I still hear the sound of their migrant story. My parents, uncles, and aunties came to Aotearoa to build a better future in a land they’d heard described as the "land of milk and honey." They gave up their roles as landowners, and left behind the warmth of collective village leadership and life, and embraced a foreign, unfamiliar routine.
In our world, family or anau was everything. It was grandparents, parents, uncles, aunties, cousins, and angai (adopted) children all living together, bound by faith in God, acting responsibly, and loving each other. Over time, our family system assimilated and adapted to survive and succeed in this new land. Yet, with change came the need to preserve our core values.
I feel a deep responsibility to honour that legacy. To keep hoping. To keep creating opportunities for our children and grandchildren.
Today, it's my turn.
I’ve been married for 39 years to the love of my life, Moka, the extraordinary mother of our four children. We’re now proud grandparents of two beautiful grandchildren. Every time I step into a public debate or political arena, I carry with me the strength of that family, my greatest supporters, my firm foundation.
We don’t take each other for granted. Our family has learned to make sacrifices. We live with unconditional love and lean hard on our faith in God. We believe that strong families are the building blocks of a healthy, resilient society.
At NewZeal, we believe in New Zealand families, because when families flourish, nations thrive.
But today, the families of this beloved country are struggling under immense pressure. Whether it's the rising cost of living, a housing crisis, the erosion of quality time together, or the breakdown of moral and cultural foundations, the modern New Zealand family is being tested like never before.
Too often, our political system has treated the family as an afterthought, when in fact, it should be the cornerstone of our future.
We see the signs all around us:
• Marriage rates are falling.
• Children are growing up more isolated, more anxious, and more economically vulnerable.
• Grandparents are living longer but are less integrated, often stepping in to raise grandchildren.
• Fathers are absent in more homes.
• And our civic culture too often undermines, rather than upholds, these traditional conservative values that have sustained families.
Let me be clear: this is not about nostalgia, it’s about necessity.

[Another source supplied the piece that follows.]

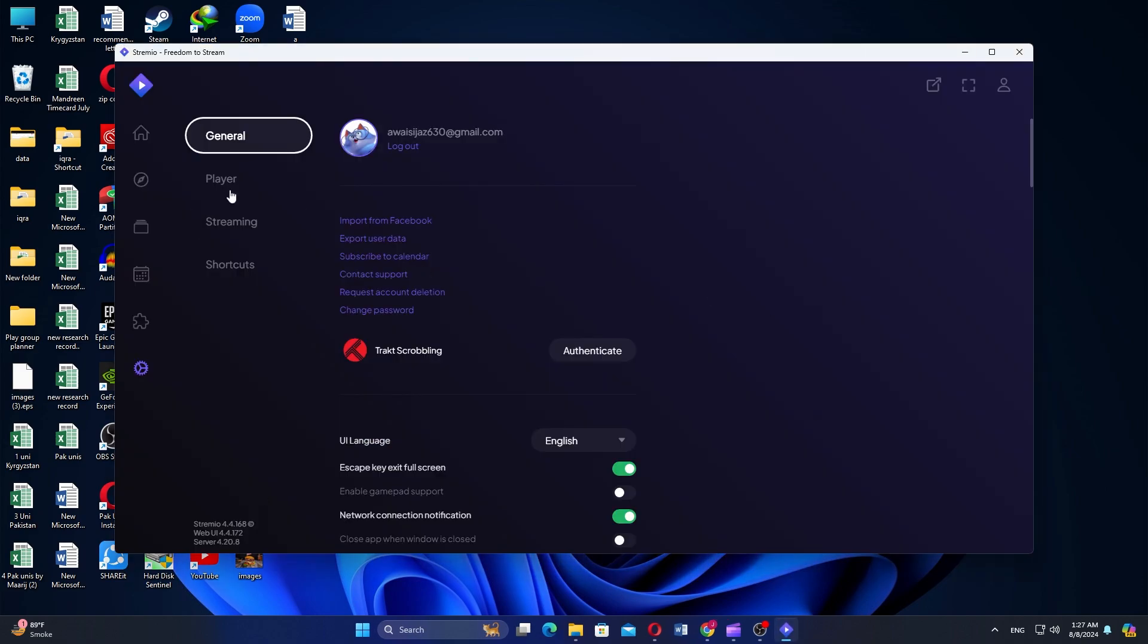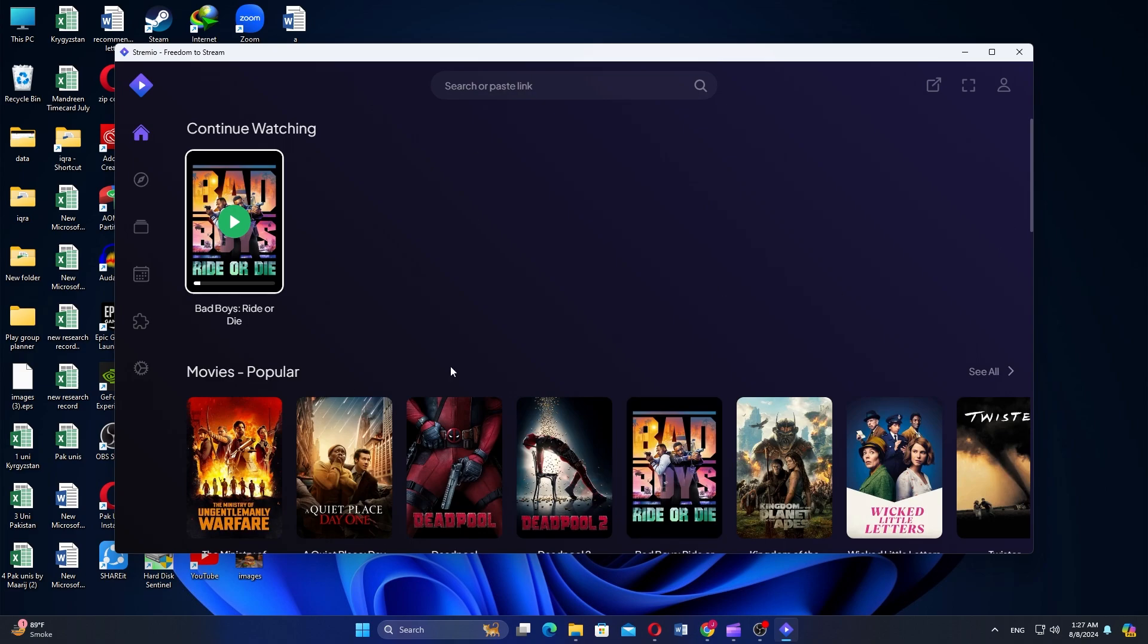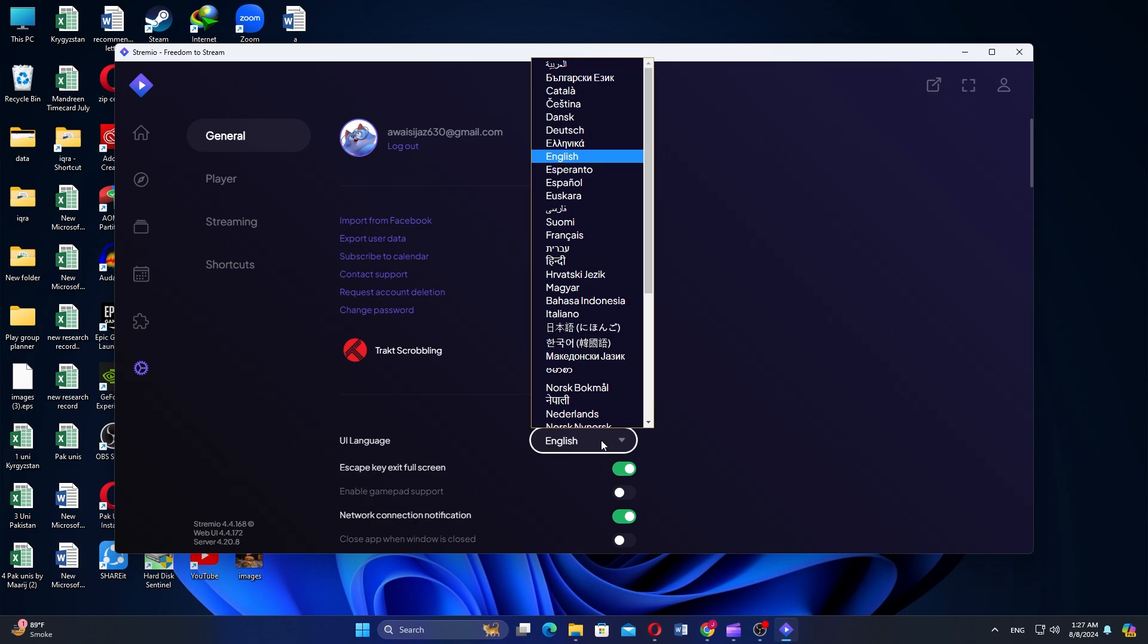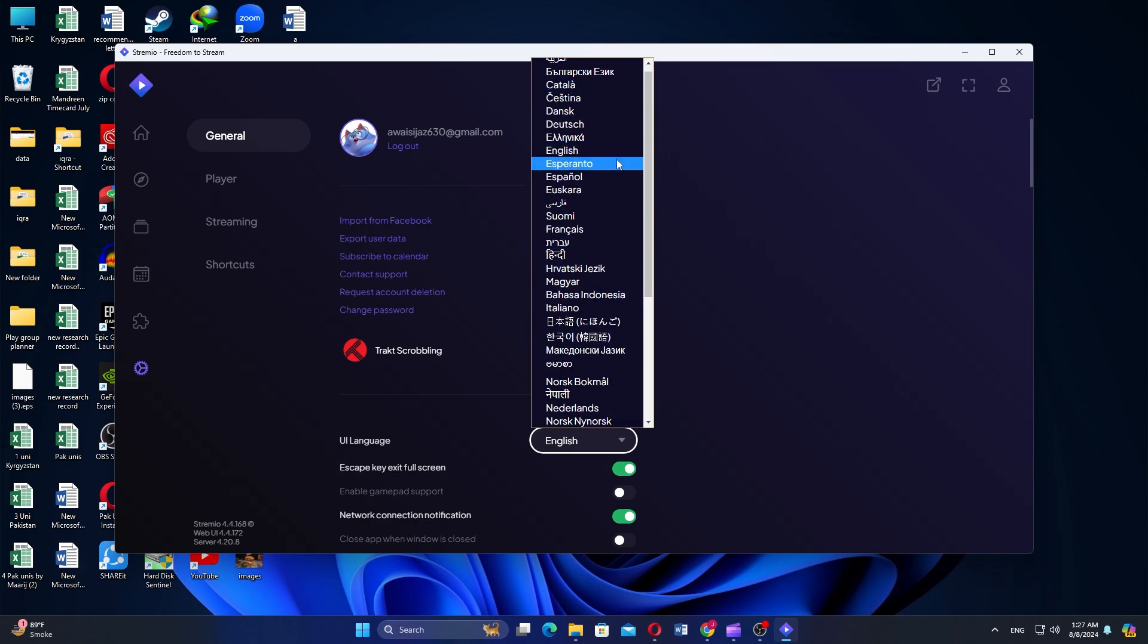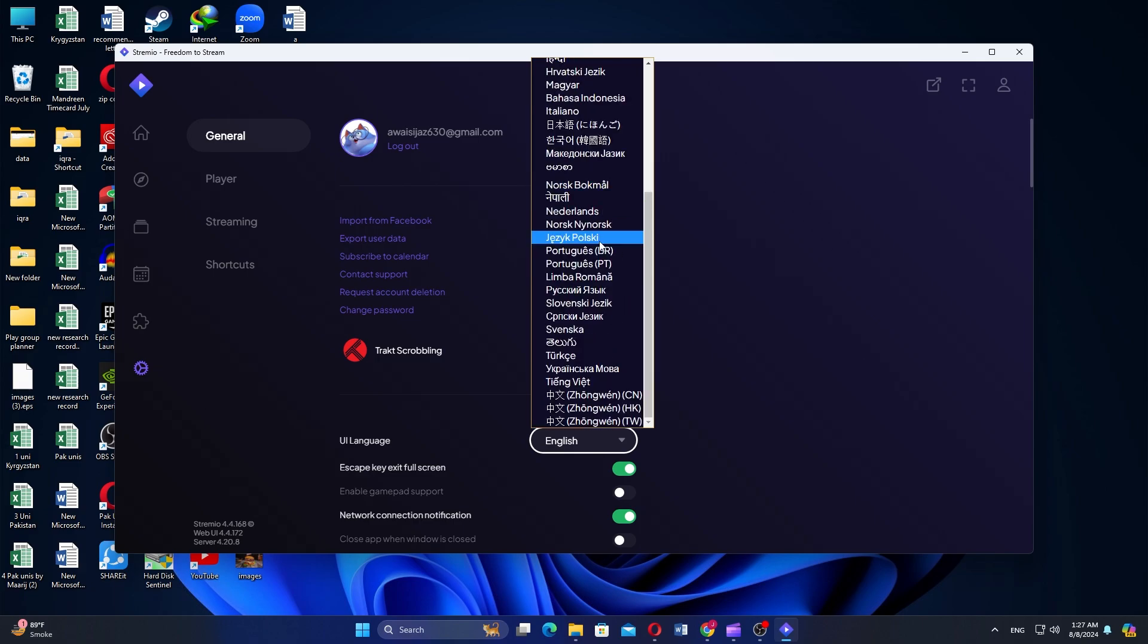First, open the Streamio application on your PC or laptop. Next, go to the settings tab on the left side. You'll see the UI language option and click on it. Now choose the language from the pop-up list.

Families have always evolved. They’ve endured hardship, adapted to change, and remained resilient. Whether it’s a four-bedroom home in South Auckland, a flat in Wellington, the farming towns of Southland or a marae in Northland, family and whanau is where identity is shaped, values are passed down, and the next generation learns what it means to be human.
Family is where we learn to love, and to be loved.
The problem isn’t that families have changed. The problem is that our political priorities haven’t kept up with demands of change and have stopped investing in what makes families strong.
That’s why the NewZeal Party is committed to a new political focus: putting families first.
We’re not talking about handouts. We’re not making hollow promises. We’re talking about practical, courageous policy that reduces pressure, restores dignity, and renews hope for every family in Aotearoa.
So here is my message to you, Aotearoa: we still believe in families. And we believe in your family.
We believe that parenting matters. That children need boundaries and love. That elders carry wisdom. That homes, not bureaucracies, are the true heart of the nation.
This is the vision NewZeal offers. A politics not of division, but of restoration. A hope that doesn’t come from the government, but from the strength of everyday people standing for what matters most.
Let’s build a New Zealand where families are not just surviving, they’re thriving.
Let’s choose faith over fear, responsibility over rhetoric, and hope over helplessness.
Let’s choose Family. Because when the family wins, we all win.